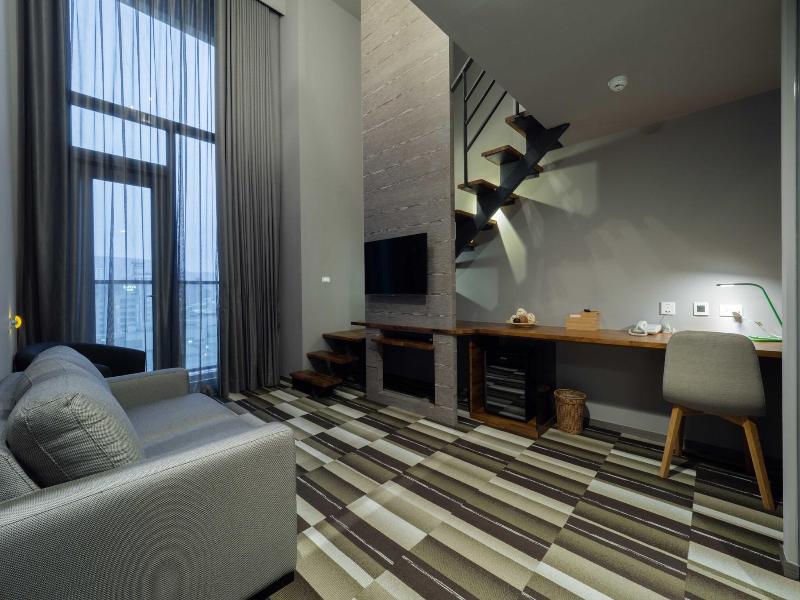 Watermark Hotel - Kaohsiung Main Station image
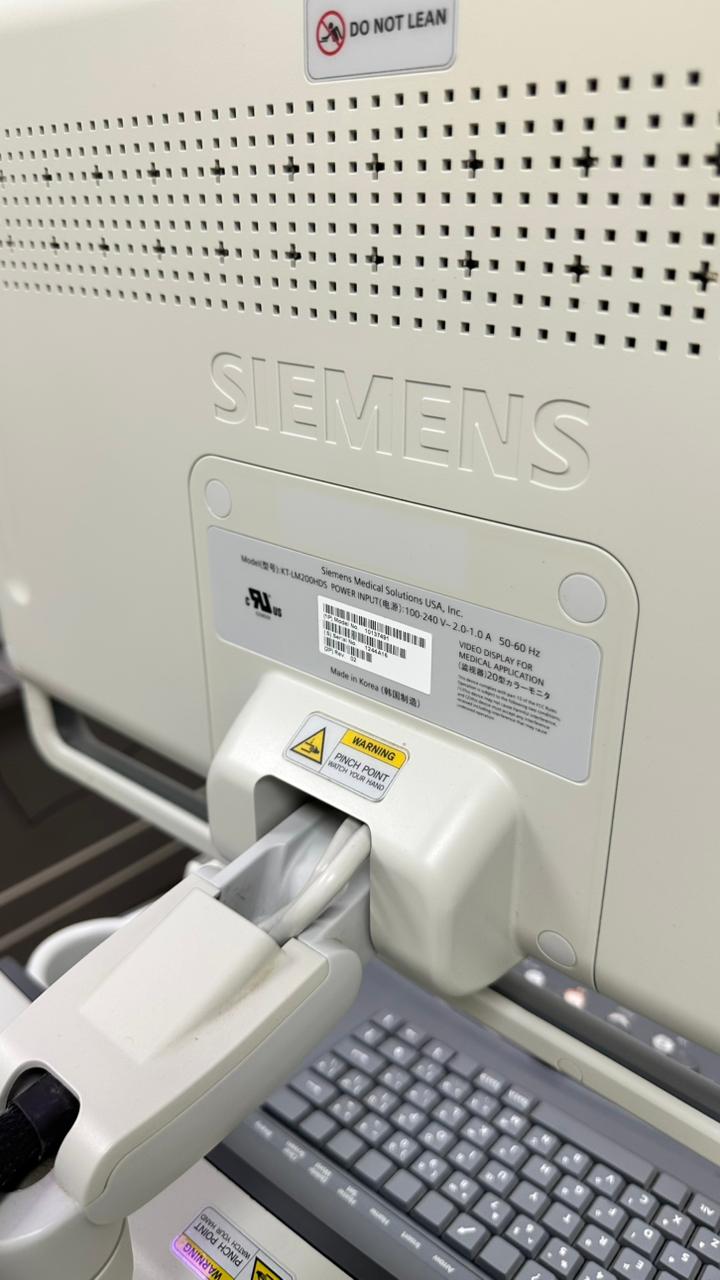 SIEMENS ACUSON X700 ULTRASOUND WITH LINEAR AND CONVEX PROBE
---*---
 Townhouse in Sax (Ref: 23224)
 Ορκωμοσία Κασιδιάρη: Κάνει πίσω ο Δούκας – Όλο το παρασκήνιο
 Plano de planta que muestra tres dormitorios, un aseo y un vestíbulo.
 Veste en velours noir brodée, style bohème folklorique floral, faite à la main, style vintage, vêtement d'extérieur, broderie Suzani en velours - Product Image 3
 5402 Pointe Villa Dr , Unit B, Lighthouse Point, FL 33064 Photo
---*---
## Aim of the task
From the records above, copy only the lines starting with the line that holds "Plano de planta" and going on through the line that holds "5402 Pointe Villa", exactly as written.

## Result of the exercise
 Plano de planta que muestra tres dormitorios, un aseo y un vestíbulo.
 Veste en velours noir brodée, style bohème folklorique floral, faite à la main, style vintage, vêtement d'extérieur, broderie Suzani en velours - Product Image 3
 5402 Pointe Villa Dr , Unit B, Lighthouse Point, FL 33064 Photo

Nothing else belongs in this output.